ML Reproducibility Challenge 2021

This repository hosts documents and code for reproducing the algorithm for updating the truncated singular value decomposition (SVD) of evolving matrices outlined by Vassilis Kalantzis, Georgios Kollias, Shashanka Ubaru, Athanasios N. Nikolakopoulos, Lior Horesh, and Kenneth L. Clarkson in their paper Projection techniques to update the truncated SVD of evolving matrices published in the 38th International Conference on Machine Learning 2021. We (Andy Chen, Shion Matsumoto, and Rohan Sinha Varma) present this repository as part of a submission to the ML Reproducibility Challenge 2021 along with our report.

Introduction

Problem Statement

In applications where the matrix is subject to the periodic addition of rows (and/or columns), re-calculating the SVD with each update can quickly become prohibitively expensive, particularly if the updates are frequent.

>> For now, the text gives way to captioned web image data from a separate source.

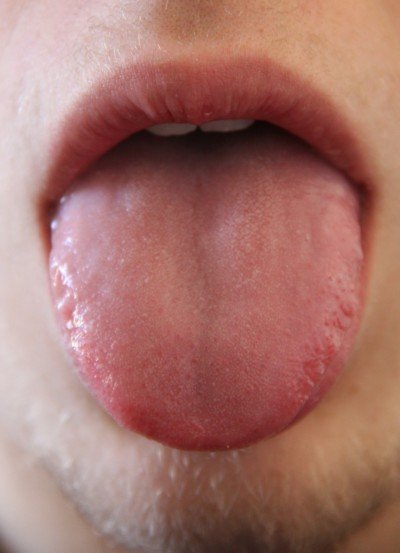 7 Tongue Sore Solutions To Ease Discomfort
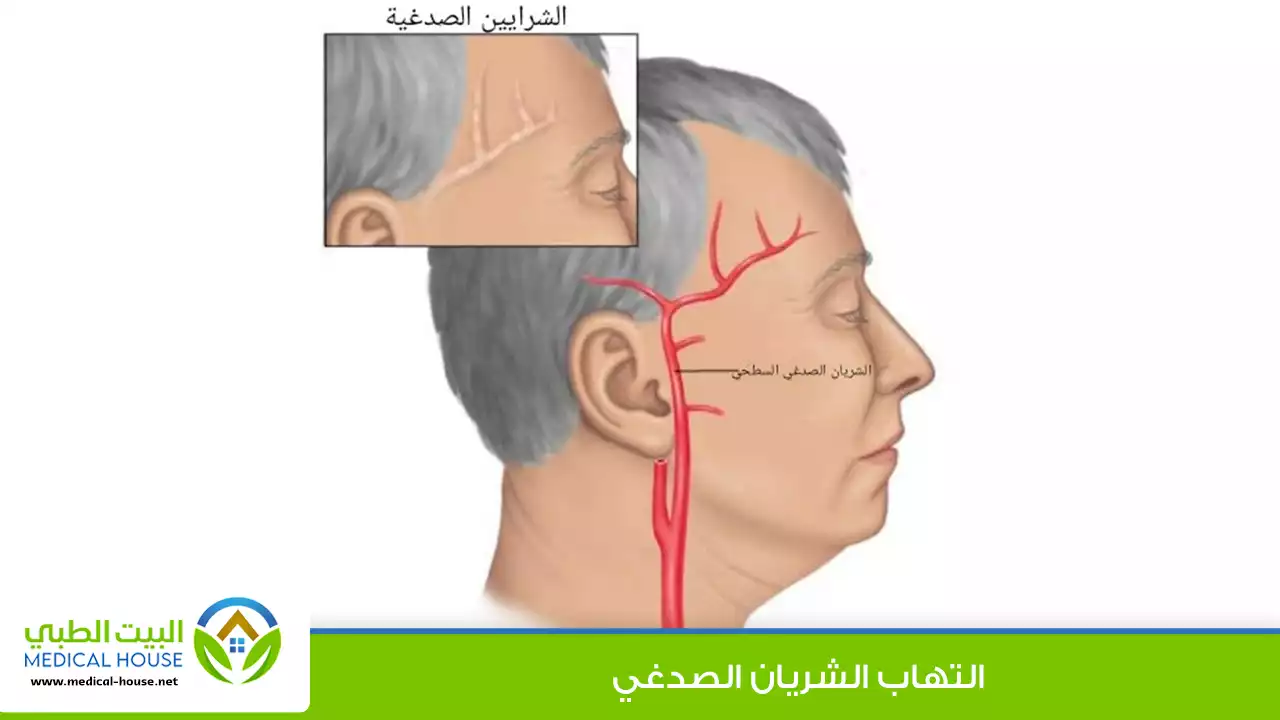 التهاب الشريان الصدغي – ما هو، أعراضه، أسبابه، المضاعفات والعلاج – البيت الطبي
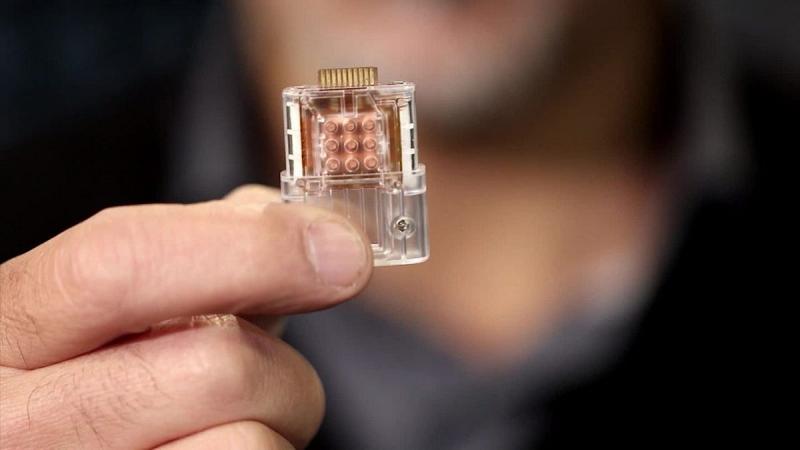 US Biochip Products and Services Market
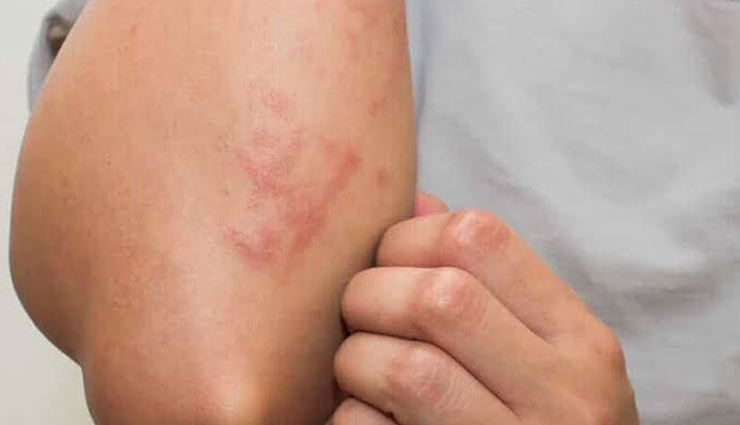 5 Instant Ways To Get Rid of Skin Allergy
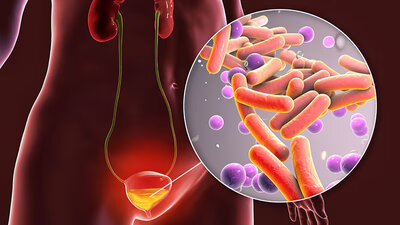 Urinary Tract Infections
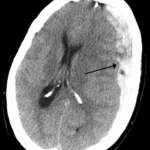 SUBDURAL WIKIPEDIA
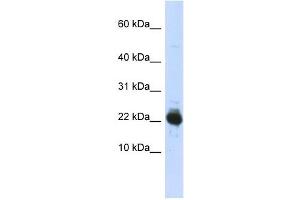 UBE2L3 antibody used at 1 ug/ml to detect target protein. (UBE2L3 抗体  (Middle Region))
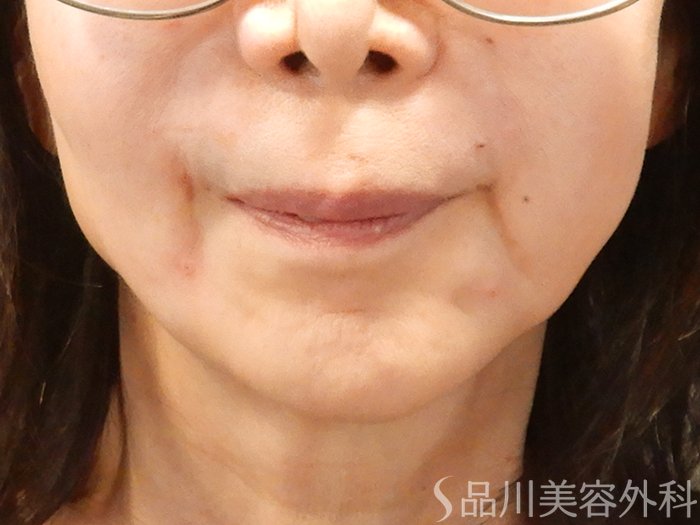 症例NO.71623のAFTER写真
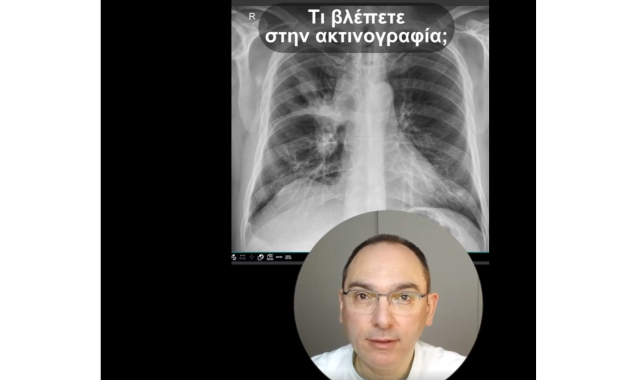 Σέρρες, Διαγνωστικά Εργαστήρια Δημόκριτος: «Σκιά» στον πνεύμονα: Τι σημαίνει πραγματικά; – Μιλά ο γιατρός, Νίκος Πανταζής (ΒΙΝΤΕΟ)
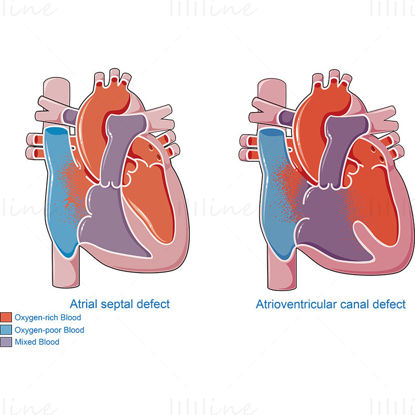 Vektor vrozených srdečních chorob
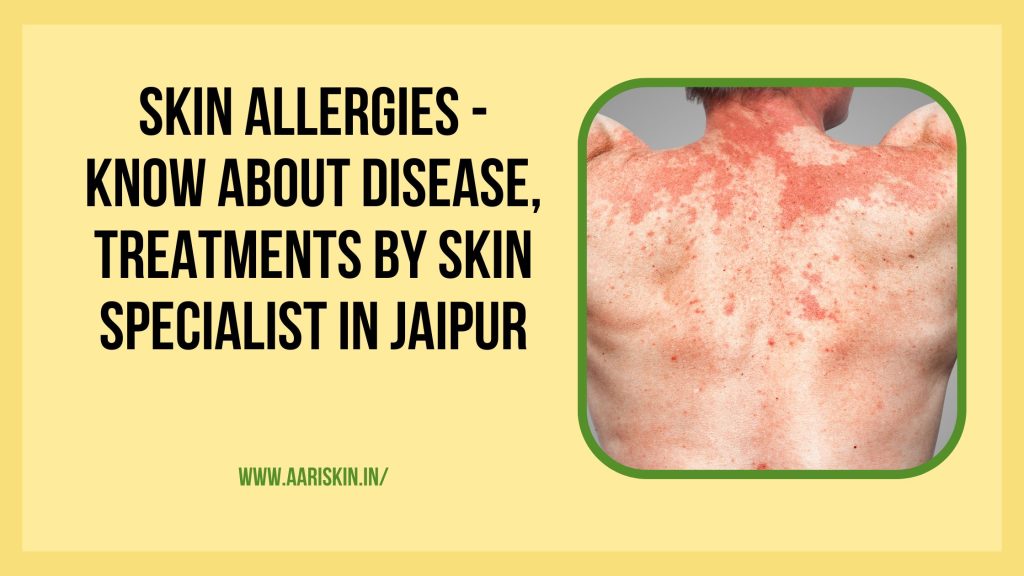 Skin Allergies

For this reason, algorithms that exploit previously available information on the SVD of the matrix before the update to calculate the SVD of the update matrix are crucial. This can be in the context of both the full SVD and the rank-k SVD, the latter of which is the focus of our study.

Algorithms

In our study, we use three algorithms to calculate the truncated SVD of evolving matrices:

Zha-Simon projection-based update algorithm (Algorithm 2.1)
Enhanced projection-based update algorithm (Algorithm 2.2)
FrequentDirections

Though we will not discuss the specifics of each of the algorithms we used, each experiment followed a similar structure. The basic structure is listed below

Evolve matrix by appending rowsaccording to the specified updating scheme
Calculate truncated SVD of updated matrix using desired update method
Calculate metrics for updated truncated SVD

Evaluation

The performance of each algorithm is evaluated using three metrics:

Relative singular value error
Scaled residual norm singular triplet
Runtime

How to Run Experiments

The following sections provide instructions on the installation in order to run the experiments as well as the datasets used in the study.

Conda Environment Setup

The necessary dependencies are listed in the environment.yml file and can be used to set up a new Anaconda environment for running the experiments in this repository.

conda env create -n <env-name> -f environment.yml
conda activate <env-name>

Datasets

The datasets have been converted into a convenient format and can be accessed here. Note that a few of the datasets had to be converted from a sparse into dense format.

Running Experiments

The experimental parameters are specified in a JSON file as follows:

{
  "tests": [
    {
      "dataset": "CRAN",
      "method": ["zha-simon", "bcg", "frequent-directions"],
      "m_percent": 0.1,
      "n_batches": [2, 6, 10],
      "phis_to_plot": [1, 5, 10],
      "k_dims": [25, 50, 75, 100, 125],
      "make_plots": true
    },
    {
      "dataset": "CISI",
      "method": ["zha-simon", "bcg", "frequent-directions"],
      "m_percent": 0.1,
      "n_batches": [2, 6, 10],
      "phis_to_plot": [1, 5, 10],
      "k_dims": [25, 50, 75, 100, 125],
      "make_plots": true
    }
  ],
  "dataset_info": {
    "CISI": "./datasets/CISI.npy",
    "CRAN": "./datasets/CRAN.npy",
    "MED": "./datasets/MED.npy",
    "ML1M": "./datasets/ML1M.npy",
    "Reuters": "./datasets/reuters.npy"
  },
  "method_label": {
    "bcg": "$Z = [U_k, X_{\\lambda,r}; 0, I_s]$",
    "zha-simon": "$Z = [U_k, 0; 0, I_s]$",
    "frequent-directions": "FrequentDirections"
  }
}

Below are tables listing parameters and their descriptions. Please see our JSON files in the experiments directory for complete examples.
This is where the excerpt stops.